Mal saído de uma gripe que colocou em risco minha condição de imortal da ABL, peguei um entupimento da trompa de Eustáquio que me causou vexames. Eu pensava que esta tal trompa desse tal Eustáquio fosse alguma coisa ligada ao aparelho genital feminino, daí minha surpresa quando o otorrino me garantiu que eu tinha uma, aliás duas, uma em cada ouvido.
Fiquei interinamente surdo e senti a solidão de um surdo. Pior do que o cego, que não é discriminado socialmente, pelo contrário, é amparado e afagado, o surdo é evitado. Acenam para ele, ligeiramente, e logo saem de perto, pois fica difícil conversar com eles, a menos que usem aquele aparelhinho redentor.

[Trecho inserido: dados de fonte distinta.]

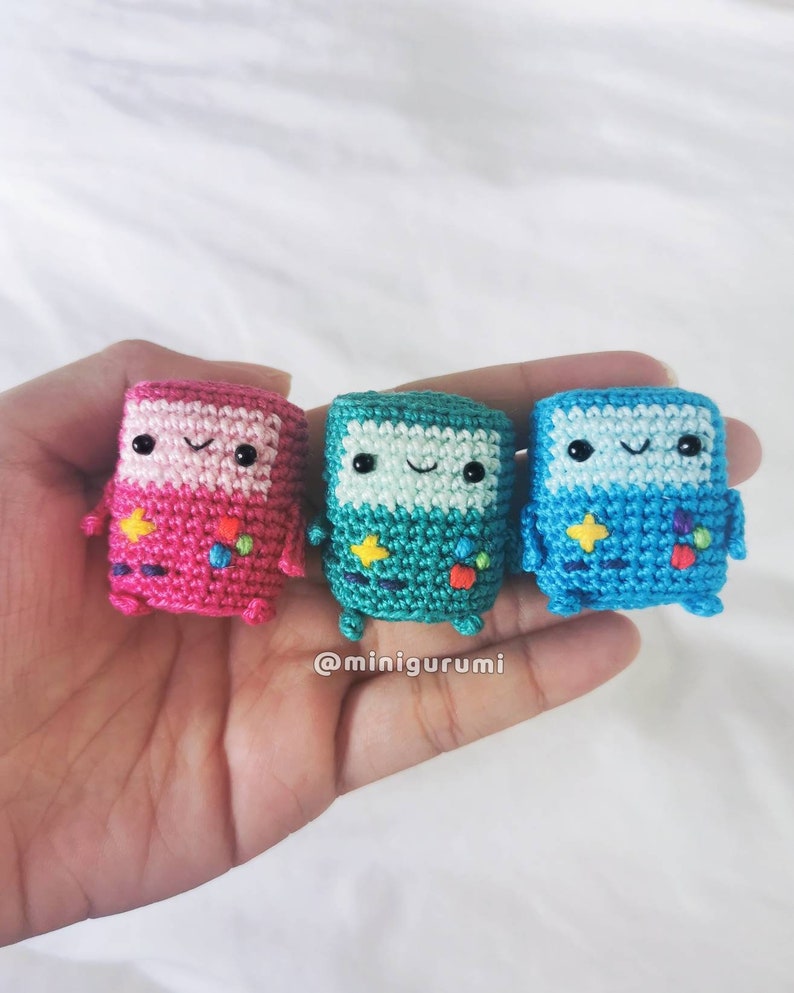 May include: Three crocheted Game Boy characters, one pink, one teal, and one blue, with smiling faces and pixelated details.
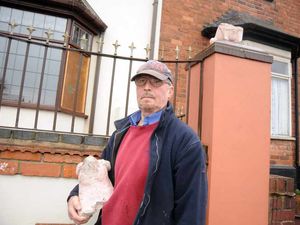 Supporting image for story: Cruel vandals decapitate pig statue with paving slab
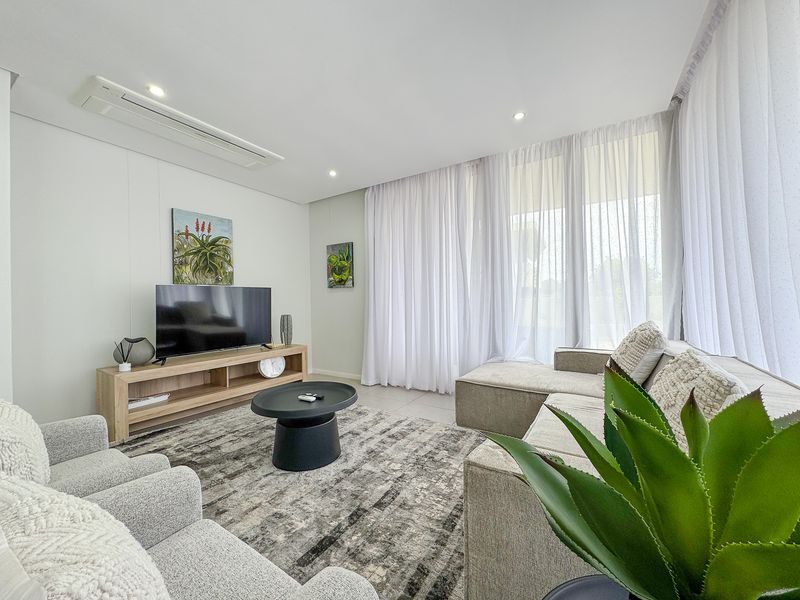 A bright and modern living room featuring tiled flooring, recessed downlighting, ducted air conditioning, and floor-to-ceiling sheer curtains.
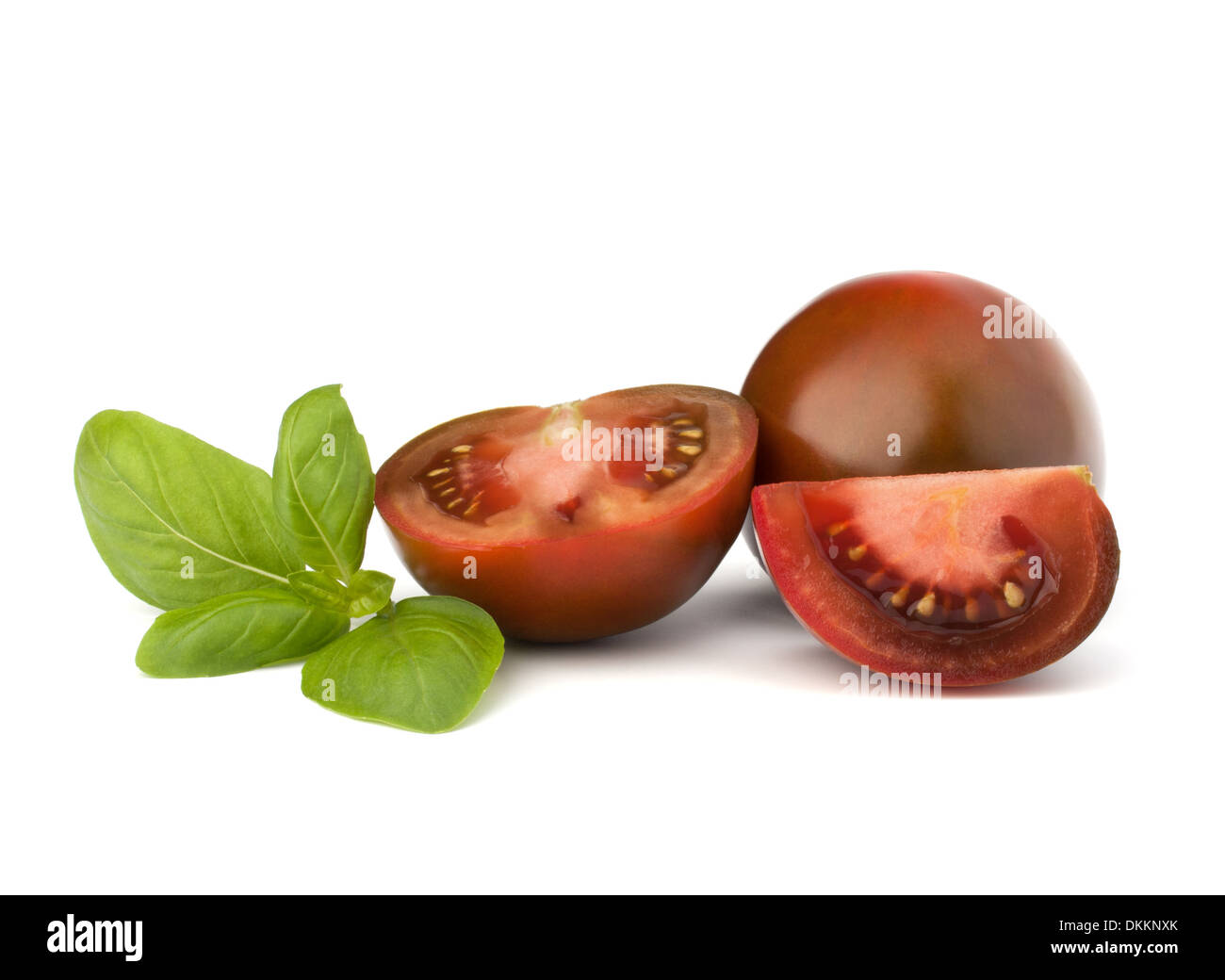 Tomato kumato and basil leaf isolated on white background Stock Photo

Não era o meu caso. Purguei parte de meus pecados durante uns três dias e lembrei-me da época em que, membro do Conselho Estadual de Cultura, sentava entre dois colegas meio surdos. O Abdias, à direita, era surdo do ouvido esquerdo. E o Ivolino, à esquerda, era surdo do ouvido direito.
A soma dos dois resultava num surdo inteiro e com eles eu tive problemas de relacionamento, pois ambos gostavam de conversar e fazer revelações que consideravam importantíssimas.
Exigiam minha opinião e eu não podia dá-la em voz alta durante as sessões. Limitava-me a aprovar ou desaprovar com a cabeça ou as mãos, e como não me interessava abrir polêmica com eles, com eles estava sempre de acordo, ou parecia isso.
Até que, numa votação sobre o tombamento de um prédio em Maricá, os dois tinham opinião divergente e ambos contavam com o apoio que eu havia prometido por meio de sinais.
Quando percebi o desafio de contrariar um ou outro, decidi contrariar os dois ao mesmo tempo, abstendo-me de votar. Recebi a cara feia deles mas fiquei na minha.
Até que chegou o meu dia. Não ouvi o cumprimento amável de um colega, não retribui e ganhei um inimigo, que espero, provisório.